° Сalifornia teens could age a little later this year thanks to newly introduced law it says that most high schools and middle schools cannot start before 8:30 a.m. and 8 a.m., respectively.
This law — the first in the country to set statewide mandates for school start times — is important not only to California students but also to public health experts who are fighting what the American Academy of Pediatrics (AAP) has called ‘epidemic’ of teenage sleep deprivation. Both AAP and US Centers for Disease Control and Prevention have long opposed morning classes and advocated for middle and high school bells no earlier than 8:30 a.m.

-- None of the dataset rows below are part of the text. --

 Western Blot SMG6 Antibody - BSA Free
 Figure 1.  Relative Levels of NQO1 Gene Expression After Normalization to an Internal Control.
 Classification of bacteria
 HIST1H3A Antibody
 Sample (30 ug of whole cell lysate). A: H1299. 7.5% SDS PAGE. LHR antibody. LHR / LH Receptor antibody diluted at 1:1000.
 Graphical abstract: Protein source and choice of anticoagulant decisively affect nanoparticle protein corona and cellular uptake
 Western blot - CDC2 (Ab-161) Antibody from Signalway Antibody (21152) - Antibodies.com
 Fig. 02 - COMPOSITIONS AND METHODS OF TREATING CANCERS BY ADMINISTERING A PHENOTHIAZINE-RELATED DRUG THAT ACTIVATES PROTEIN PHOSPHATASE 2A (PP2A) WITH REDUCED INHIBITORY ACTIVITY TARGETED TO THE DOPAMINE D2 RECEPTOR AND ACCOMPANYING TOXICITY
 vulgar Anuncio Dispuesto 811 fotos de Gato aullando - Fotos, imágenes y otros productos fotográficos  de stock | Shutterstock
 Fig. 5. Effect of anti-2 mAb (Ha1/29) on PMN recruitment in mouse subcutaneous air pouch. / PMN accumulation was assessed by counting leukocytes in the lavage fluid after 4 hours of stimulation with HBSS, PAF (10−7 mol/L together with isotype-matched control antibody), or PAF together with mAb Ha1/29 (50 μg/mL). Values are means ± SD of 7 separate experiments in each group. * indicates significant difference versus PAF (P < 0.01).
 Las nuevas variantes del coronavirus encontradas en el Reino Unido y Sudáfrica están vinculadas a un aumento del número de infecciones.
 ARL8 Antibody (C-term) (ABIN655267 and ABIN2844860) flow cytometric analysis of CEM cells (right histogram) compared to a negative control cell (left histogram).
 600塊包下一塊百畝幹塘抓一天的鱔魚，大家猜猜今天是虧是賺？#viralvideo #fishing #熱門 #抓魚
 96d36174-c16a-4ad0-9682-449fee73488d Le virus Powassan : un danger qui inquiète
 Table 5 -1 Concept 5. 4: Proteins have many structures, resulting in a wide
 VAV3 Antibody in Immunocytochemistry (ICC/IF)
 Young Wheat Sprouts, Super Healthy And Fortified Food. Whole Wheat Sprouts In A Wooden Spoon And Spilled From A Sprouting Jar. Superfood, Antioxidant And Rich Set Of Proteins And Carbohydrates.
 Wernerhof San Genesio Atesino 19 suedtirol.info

Delayed school start is an attempt to help teenagers sleep morewhich research shows is a big problem in the U.S. Only about 30 percent of high school students get the recommended eight hours of sleep on school nights, according to the CDC data. Studies suggest sleep deprivation may put teenagers and young adults at increased risk for obesity, substance use, depression, and poor academic performance, among other issues.

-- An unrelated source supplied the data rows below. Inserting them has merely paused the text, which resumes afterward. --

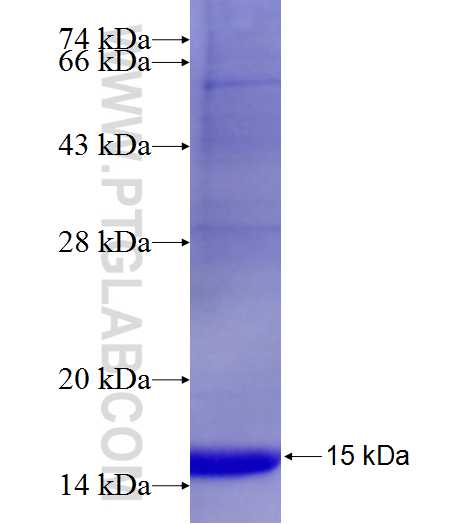 BDNF fusion protein Ag22488 SDS-PAGE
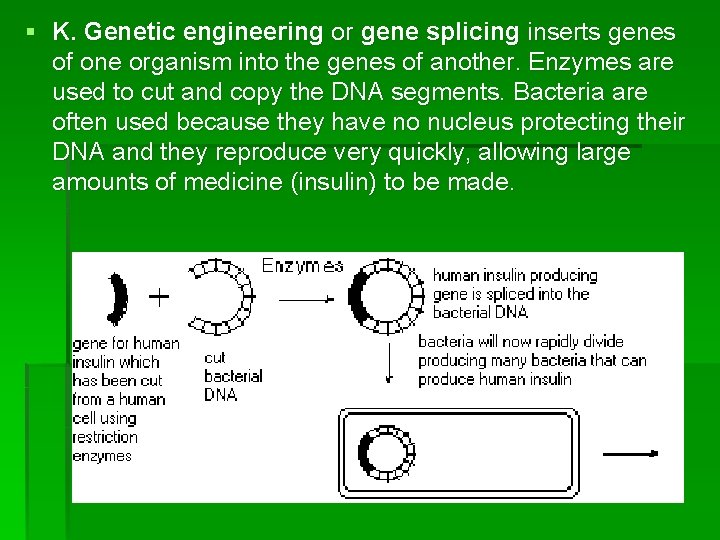 § K. Genetic engineering or gene splicing inserts genes of one organism into the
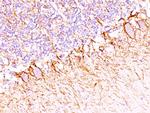 Neurofilament (NF-H) (Neuronal Marker) Antibody in Immunohistochemistry (Paraffin) (IHC (P))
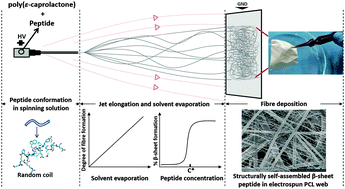 Graphical abstract: A structurally self-assembled peptide nano-architecture by one-step electrospinning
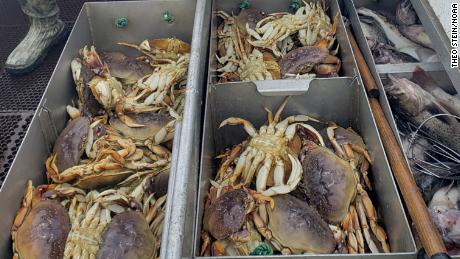 The Pacific Ocean is so acidic that it&#39;s dissolving Dungeness crabs&#39; shells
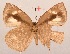  ( - MLIB-2085)  @12 [ ] CreativeCommons - Attribution Non-Commercial Share-Alike (2017) Michel Libert Centre for Biodiversity Genomics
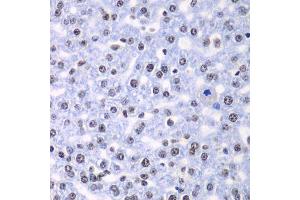 Immunohistochemistry of paraffin-embedded rat liver using SF3B2 antibody. (SF3B2 Antikörper  (AA 616-895))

Research has long shown this circadian rhythms—light-mediated internal cues that help regulate sleep—change across the life cycle. This is partly why adults can naturally get up earlier with age. Meanwhile, teenagers’ body clocks are like that best timed with bedtimes around 11pm or midnight and a wake-up time about nine hours later—a schedule that’s impossible when classes start before 8 a.m.
Early School Schedules are largely a holdover from a time when most families didn’t have two working parents and therefore didn’t have to worry about sticking to a 9-to-5 schedule. Juggling bus schedules, classes, athletics, and other extracurriculars drives the bells to ring early.
But these schedules are not based on science. A mismatch between teenagers’ internal rhythms and external schedules sets them up for failure, studies have long suggested. One document from 1998 found that when a small group of students started school about an hour earlier than before, they experienced “significant sleep deprivation and daytime sleepiness.”
Moving the start times back has been shown to backfire. A 2002 study conducted five years after seven Minneapolis public high schools changed their start times from 7:15 a.m. to 8:40 a.m. found that the change allowed children to sleep about an extra hour a night; students also reported better attendance and fewer symptoms of depression. In a 2010 studyresearchers studied students at a Rhode Island high school after it moved its start time from 8 a.m. to 8:30 a.m. and found that students got an extra 45 minutes of sleep a night while reporting less fatigue and better mood.
More recently, a study published in 2021 found that significantly more Denver-area middle and high school students got enough daily sleep after the local school district delayed start times by 40 to 70 minutes. Another 2021 study on Colorado students found that those who started school before 8:30 a.m. were slightly more likely to attempt suicide than peers who started later, although the results were not statistically significant. Although more research is needed and many confounding variables may cloud the relationship, the findings suggest that starting classes later may improving teenage mental health.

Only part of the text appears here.